あれは紛れもない、私の気持ちなんだろう。
でももう女神様になんでもない顔で、「食べた」って言われたので……。
悲しくないわけじゃないけど。
なんかもう、諦めがついた。
それにその悲しみに浸っていられるほど、私に余裕はないのだ。
「わかりました……あなたがそう言うのであれば」
私の戸惑いをどう受け止めたのか、優しい天使の笑みをこちらに向けられた。
……なんでだろう。
なんか、勘違いされてる気がしないでもない。
気にしちゃ負けかな。
「あ、そう! 私、アルに話したい事があるの!」
空気を壊すべく、努めて明るく話しながら席を勧める。いいと言うのに、アルは「いいから座ってください」と言って先に私が座らされた。
客人に椅子を引かせる私……。
どっちがお客様だ……?
気分はお姫様どころか、罪人なんですが?
しかし微妙な私の顔には気付かなかったのか、席に着いたところでアルは心配そうに切り出す。

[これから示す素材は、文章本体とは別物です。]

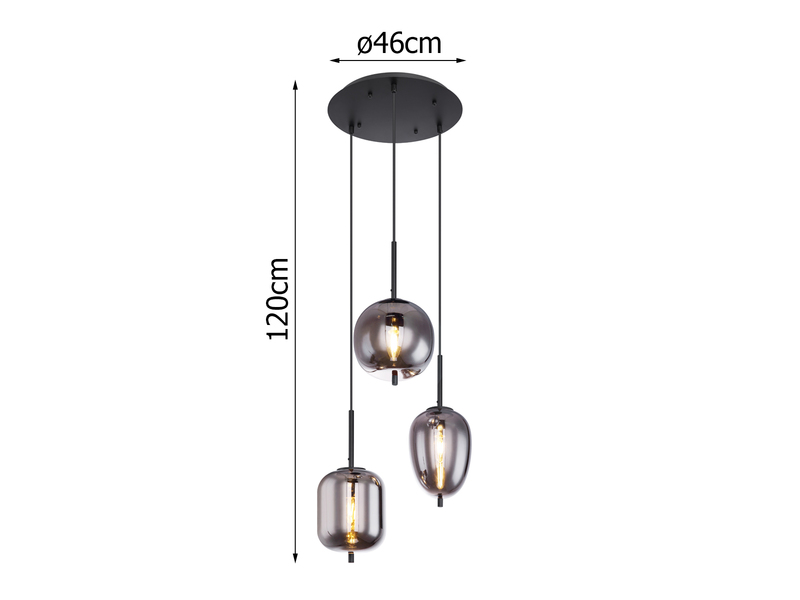 Pendelleuchte BLACKY Metall Schwarz mit 3 Rauchglaskugeln, Ø 46cm
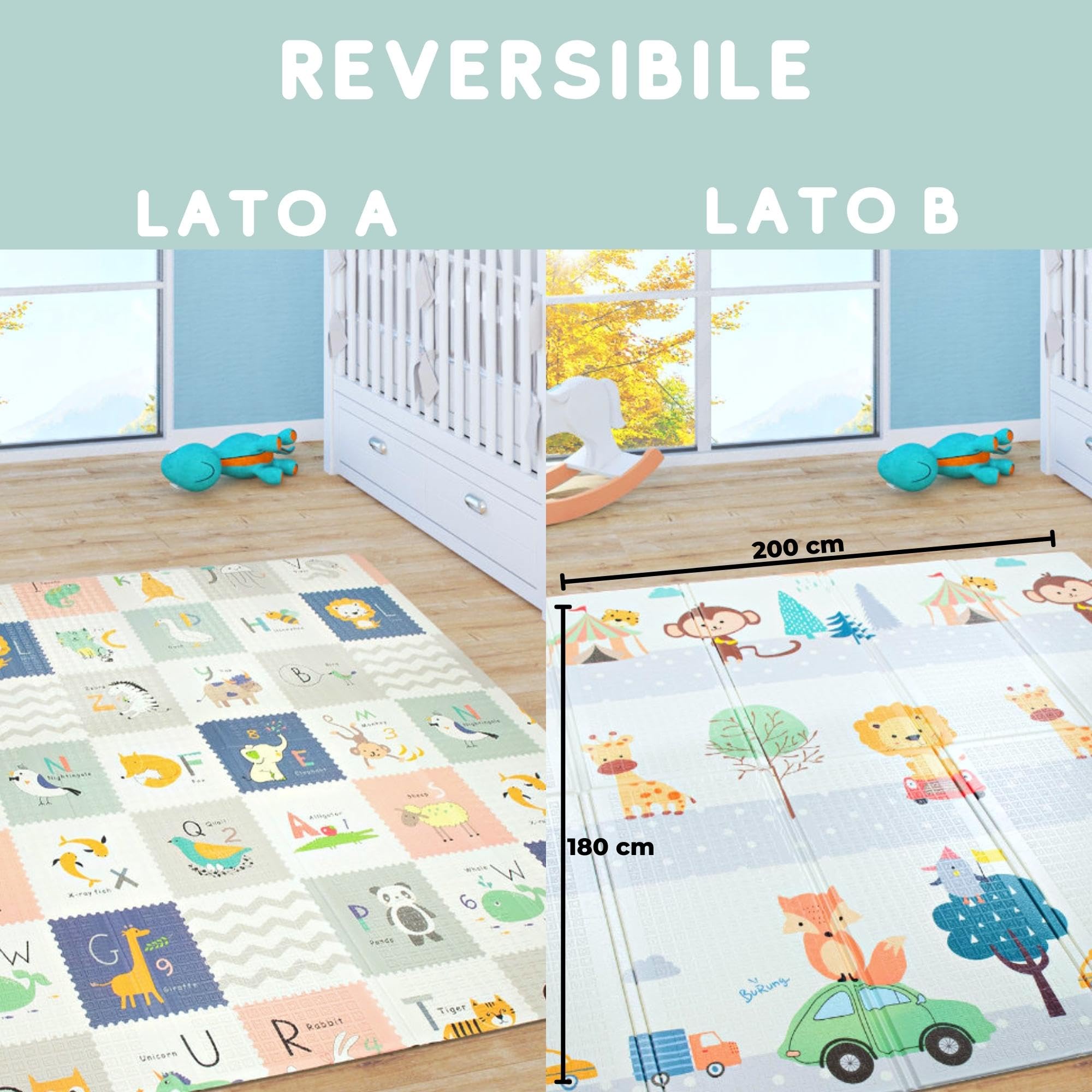 HuBorns - Tappeto Gioco Bambini Pieghevole 200x180 cm, Reversible, Impermeabile e con Bordi Cuciti, Tappeto Gioco Neonato per una Sicurezza Extra per il Neonato, Morbido Tappeto Neonato Gattonamento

「話とは、予言に関係があることですか? 昨日は水晶を持っていませんでしたし、そのあとは倒れてしまったので夢のなかでしか……まさか夢を?」
何に感づいたのか、少しその黄色い瞳が見開かれた。
「あ、それなんですけど。倒れた時に私の体はそこにあった、ということなんですよね?」
「え? ええ……。護衛をあつめて、運ばせたのですが……」
「それについては申しわけありません!」
躊躇いがちに言う彼に、ガバッと頭を下げる。
「いえ。ティアが優しいことと、自分のことはあと回しなことがわかりましたので。今後は私がよくみてますね」
「だから顔をあげてください」と、優しく言われる。
うんー! 違うっ! 違うんだよアル‼︎
私の優しさは打算みたいなものだし!
あと熱中症は! 多分‼︎
でも女神のせいもあるって信じてるから‼︎
だけど空気を壊すのもなんなので、口をもにょもにょさせつつ話を続ける。
「あの……その倒れたときに。私、女神様にお会いしまして」
「は?」
「アルの妹のことを頼まれたのです。仲良くなってほしいと」
そして病気になったら治して欲しいってね!
唐突な私の話に、アルは口が開いたままである。
まぁ無駄にアルに言う必要はないから、リリちゃんの事は言わないけどね……。ゲームで会うまでは生きていたのだし。すぐにどうこうは、ないんだろう。
それでも予兆とかあるかもしれないから。
なるべく早めに仲良くなっておきたい。
……という打算は、心の内に隠しておく。
「その……にわかには、信じがたいのですが……夢ではなく?」
彼はそう、困惑しながら聞いてくる。
あーまぁ神様って言われたら。
さすがにそうなっちゃうかー。
説得力ないもんねー、普通は。
まぁそう思って、ダメ元で証拠も用意したよ。
「あの、その時にこちらもいただきまして……」
そう言ってポケットから出したのは。
あの時女神様から貰った綺麗な石だ。
大きさは片手に乗せて、グーで握ると少し見えるくらい。テーブルにコトンと置くが、アルは何も言わずに固まっている。
あれ? なんかあった?
「アル? どうしたの?」
「これ……『神の涙』じゃないですか……?」
不思議になって尋ねると、恐々といった様子で語り始めた。
「なにそれ?」
「……神が認めたものにのみ、渡す証といわれる宝石です……。いえ、私もあまり見たことがないので、たしかではないんですが」
アルが見た事ないなら、私は見た事ないなー。
という訳で、知りようがない。
ただ彼の目は、この石に釘付けだ。
「歴史的には勇者や英雄や聖女など、そういう者たちが授かるものなんですが……。でもこの魔力の内包量は……」
「あぁ、それ魔石なんですか」
「なんであなたは落ちついて……このレベルのものを魔石扱いして、いいわけがないです! 『神の涙』じゃないにしても国宝級ですよ!」
なんかよくわからないけれど、アルが焦っている。
ちなみに、魔石とは。
魔力の含まれる石のことだ。
よく火山活動が激しい場所や、潮の流れが強いところ、ドラゴンや魔物が住まう場所で見つかる。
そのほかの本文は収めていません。